=== TRY IT ===
Retype word for word the stretch of entries below from the line that has "Boardingappartement Windeckblick, Ruhige, Zentrale" through the line that has "Kayıkçılar ağaç sıkıntısı yaşıyor", and omit the pictures.
***** RECORDS FOR PROCESSING
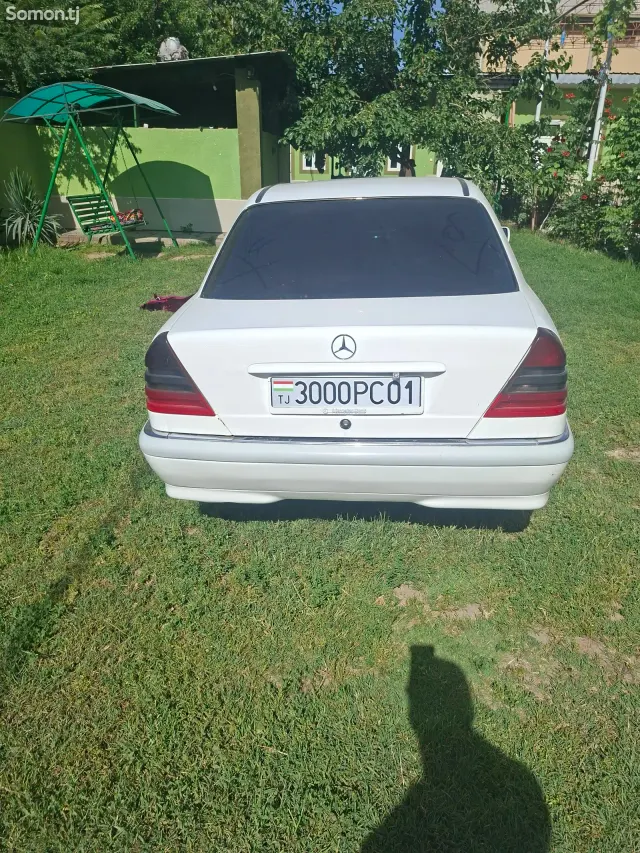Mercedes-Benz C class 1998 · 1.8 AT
**********
***** RECORDS FOR PROCESSING
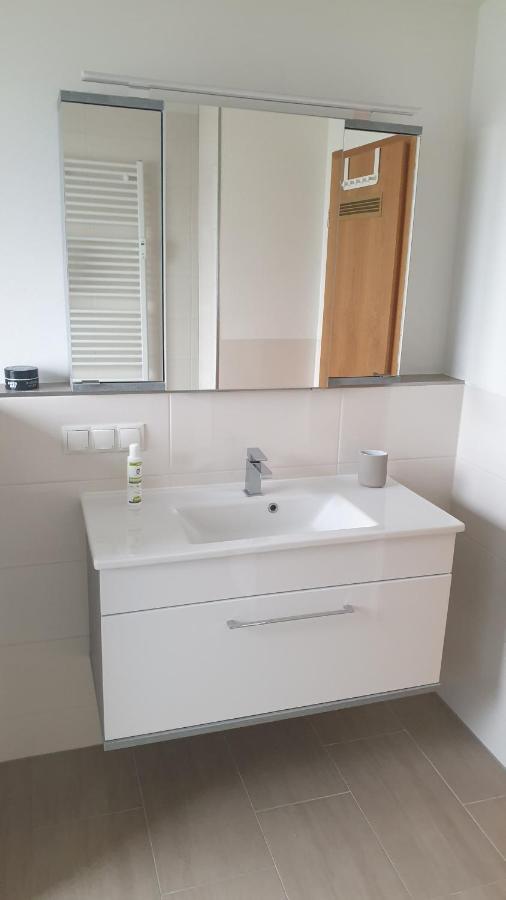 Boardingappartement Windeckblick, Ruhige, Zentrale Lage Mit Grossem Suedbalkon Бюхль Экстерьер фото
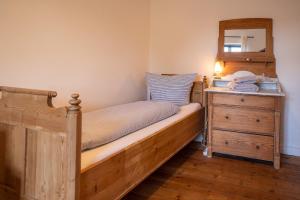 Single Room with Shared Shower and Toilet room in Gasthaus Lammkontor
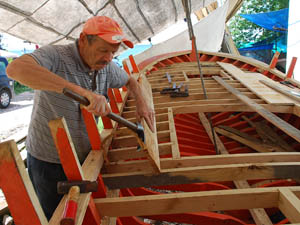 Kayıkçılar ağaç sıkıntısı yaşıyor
**********
=== ANSWER TO THIS TASK ===
 Boardingappartement Windeckblick, Ruhige, Zentrale Lage Mit Grossem Suedbalkon Бюхль Экстерьер фото
 Single Room with Shared Shower and Toilet room in Gasthaus Lammkontor
 Kayıkçılar ağaç sıkıntısı yaşıyor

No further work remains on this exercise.